Le document à la page 144 du livre de documents a déjà été versé au dossier des preuves. C’est un extrait du GB-222, journal de bord du sous-marin U-30, en date du 14 septembre. Je ne lirai que quelques phrases du début :

« Nuages de fumée. Vapeur décrivant de grands zigzags, avec cap à l’Est. Allés à sa rencontre. Vire de bord à notre vue, prend direction opposée et lance SOS.

« Vapeur anglais Fanad Head, 5.200 tonnes, faisant route vers Belfast. Pris en chasse au canon. Aucune réaction au signal de stopper. Tiré à 2.000 mètres coup de semonce en avant de la proue. Le vapeur stoppe. L’équipage embarque dans les chaloupes. Remorqué les chaloupes hors de la zone dangereuse. »

Je résume la suite. Elle décrit comment le sous-marin, par suite du radiotélégramme du vapeur, a été attaqué par des avions ; expose les difficultés avec lesquelles il a fait embarquer l’équipage de prise, comment, malgré le bombardement par les avions, le vapeur n’a pas été coulé avant que deux officiers anglais, qui se trouvaient encore à bord, aient sauté par-dessus bord et aient été sauvés et amenés sur le sous-marin. La poursuite à coups de bombes a duré dix heures.

Le document suivant, Dönitz-58, prouve que les vaisseaux de commerce ont eu une attitude agressive envers les sous-marins. C’est un extrait du Journal de Guerre de la Direction des opérations navales. Je lis l’inscription du 24 septembre :

« B. d. U. annonce que le C. q. le vapeur anglais Manaar, sommé de stopper après un coup de semonce du sous-marin U-38, chercha à s’échapper. Lança message TSF et ouvrit le feu avec pièce arrière. Ne fut abandonné par l’équipage qu’après cinq coups de plein fouet, puis envoyé par le fond. »

Puis, un autre message du 22 septembre :

« Avis d’origine anglaise que, lors du torpillage du vapeur anglais Akensîde, un sous-marin allemand a été éperonné par un chalutier. »
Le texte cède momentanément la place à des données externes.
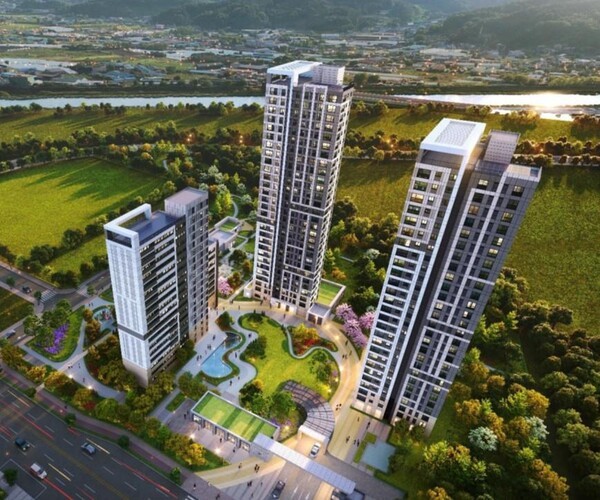 남양주왕숙 A-3 블록 조감도 (자료=LH)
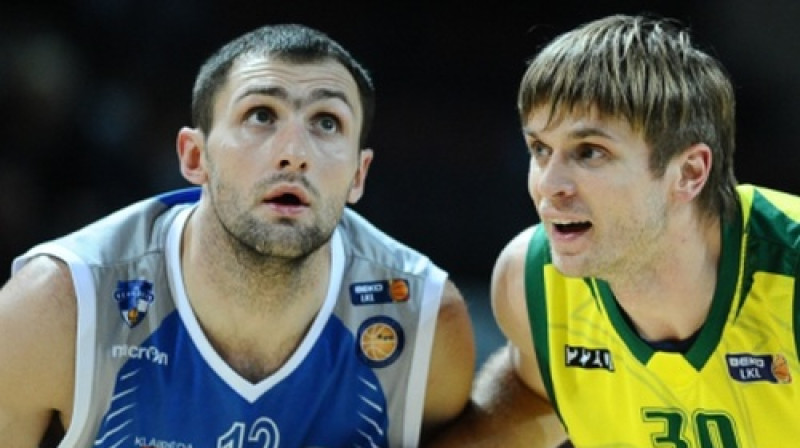 Raimunds Danis (pa kreisi)
Foto: Basketnews.lt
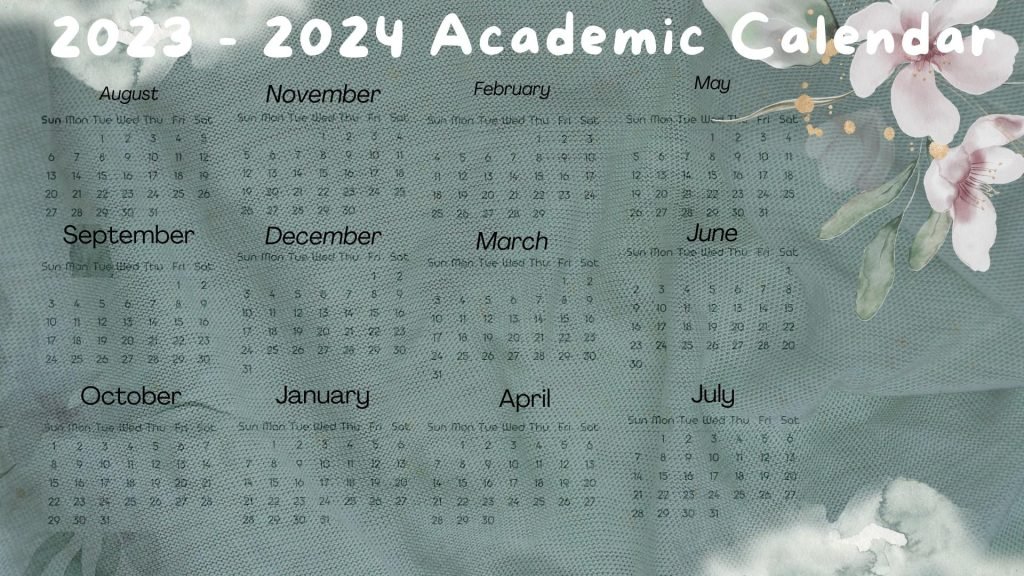 Geometric 2023 - 2024 Academic Calendar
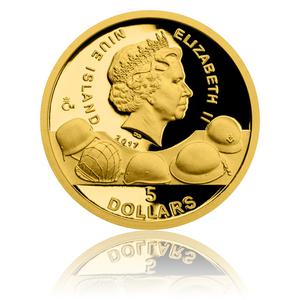 Niue / Gold Tenth-Ounce 2017 Manhattan Project - obverse photo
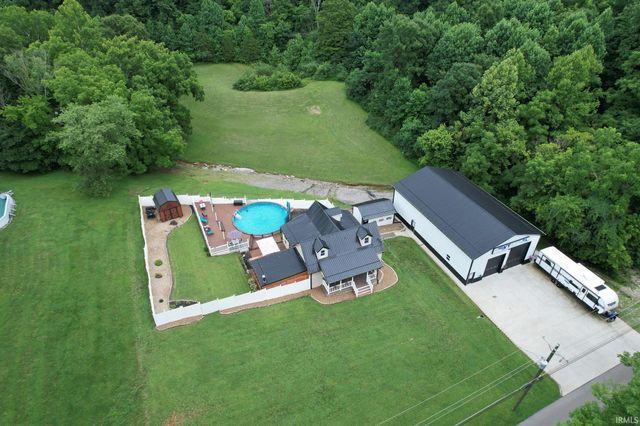 638 NORTH PIKE RD, Springville, IN 47462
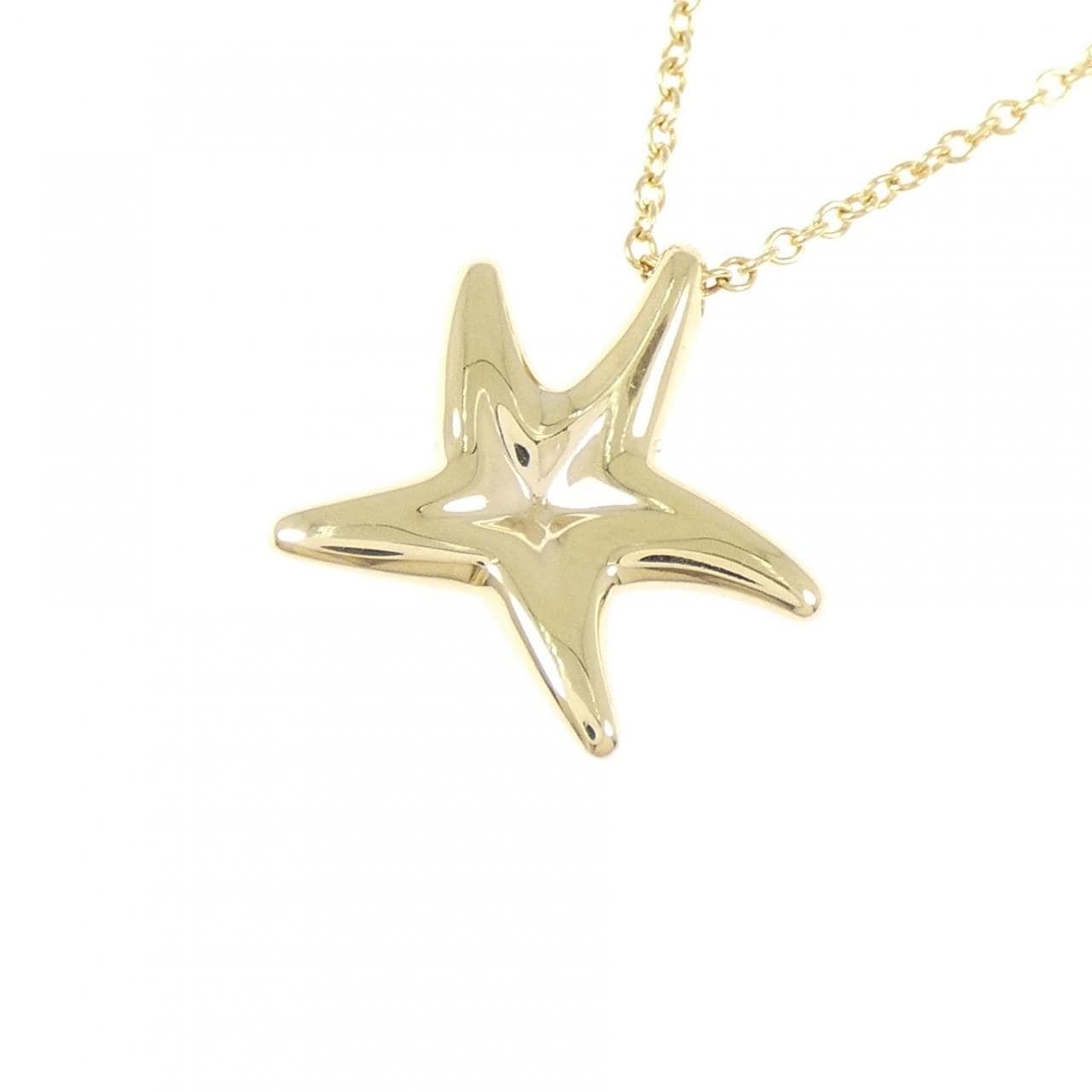 ティファニー スターフィッシュ ネックレス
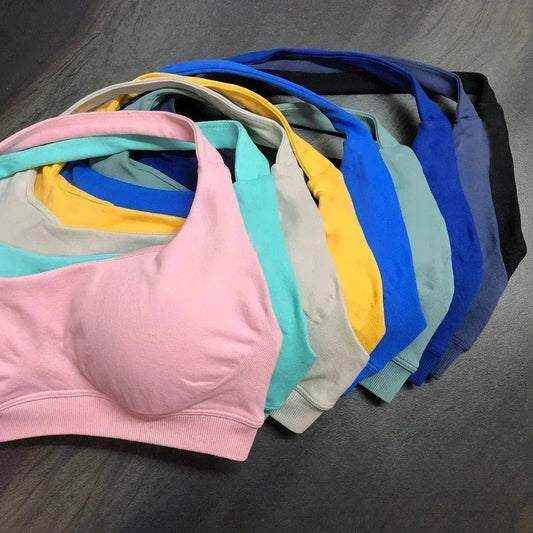 Divine halter Sports Bra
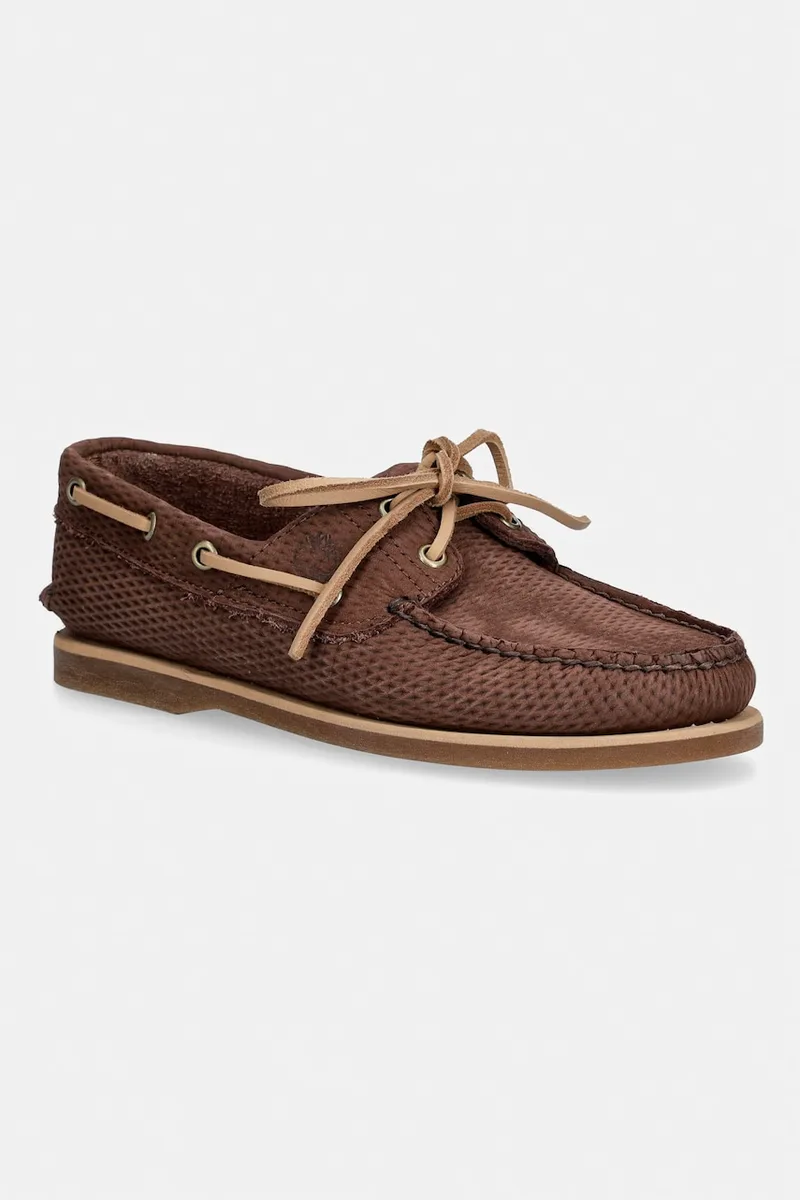 Timberland μοκασίνια Ανδρικά σουέτ Classic Boat Boat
Du document GB-193, du Ministère Public, page 147, j’attire l’attention simplement sur le jugement porté par la Direction des opérations navales quant à l’usage des transmissions de messages par TSF. Je lis deux phrases du chiffre 2, à partir du deuxième paragraphe :

« Dans presque tous les cas, les vapeurs anglais ayant repéré un sous-marin ont lancé un SOS et indiqué la position. Comme ces messages des vapeurs ont provoqué peu de temps après l’apparition d’avions anglais, il est établi qu’il s’agit chez les Anglais d’une mesure militaire prévue et organisée. L’appel SOS et la donnée de la position, qui y est précisée, constituent un renseignement d’ordre militaire et doivent être considérés comme actes de résistance. »

Le document suivant, Dönitz-59, a trait à l’autorisation accordée à la requête, formulée par le commandant des sous-marins, de couler les vaisseaux qui, lors de l’arraisonnement, font usage de leur TSF. Je donne lecture de l’inscription du 24 novembre 1939, tout au bas de la page, au chiffre 4 :

« En vertu de l’autorisation accordée par le Führer, les groupes de sous-marins et le B. d. U. se conformeront à l’ordre suivant...

« 4. Contre tous les vaisseaux de commerce qui, lors de leur « arraisonnement, feront usage de leur TSF, il y aura lieu d’employer « la force. Ils tombent tous, sans exception, sous le coup de la prise « ou du torpillage. On devra s’efforcer de sauver les équipages. »

LE PRÉSIDENT

Nous allons lever l’audience.

(L’audience sera reprise le 11 mai 1946 à 10 heures.)